Segment Open

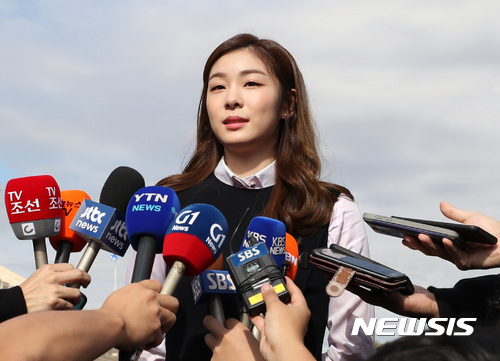 【아테네(그리스)=뉴시스】김진아 기자 = 30일(현지시각) 그리스 아테네 파나티나이코스타디움에서 열린 2018평창동계올림픽 성화 인수식 리허설에서 김연아 평창동계올림픽 홍보대사가 취재진의 질문에 답하고 있다. 2017.10.30. bluesoda@newsis.com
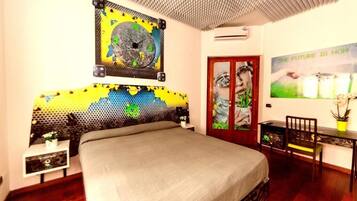 Une chambre à coucher avec un lit, une horloge murale, un bureau avec une chaise et une porte ornée d’une affiche.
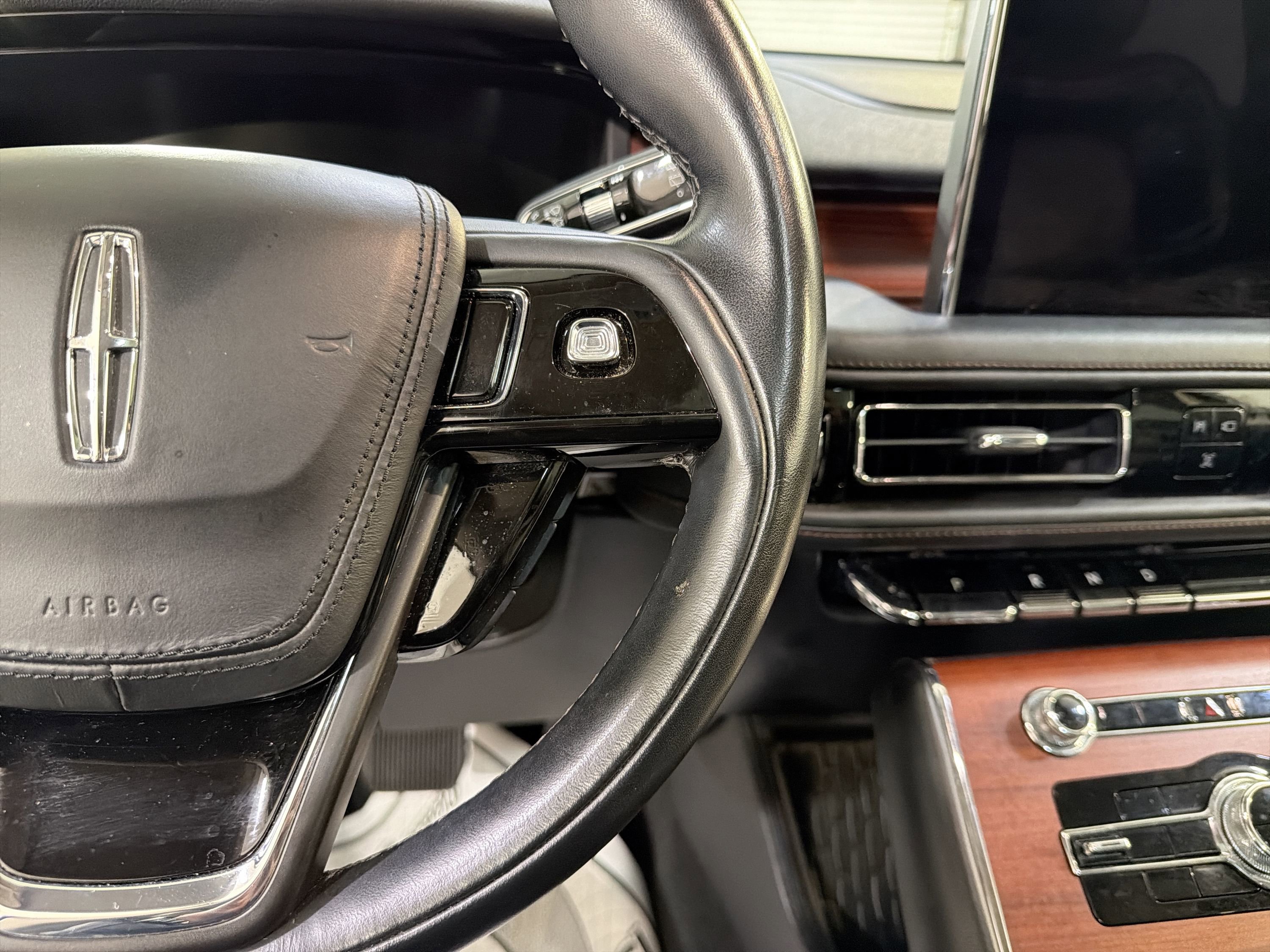 Used 2023 Lincoln Aviator Reserve w/ Equipment Group 201A image 15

Segment Closed

EXERCISE REQUIREMENTS — Would you copy each line above exactly as given, dropping any images?

WRITTEN ANSWER —
 【아테네(그리스)=뉴시스】김진아 기자 = 30일(현지시각) 그리스 아테네 파나티나이코스타디움에서 열린 2018평창동계올림픽 성화 인수식 리허설에서 김연아 평창동계올림픽 홍보대사가 취재진의 질문에 답하고 있다. 2017.10.30. bluesoda@newsis.com
 Une chambre à coucher avec un lit, une horloge murale, un bureau avec une chaise et une porte ornée d’une affiche.
 Used 2023 Lincoln Aviator Reserve w/ Equipment Group 201A image 15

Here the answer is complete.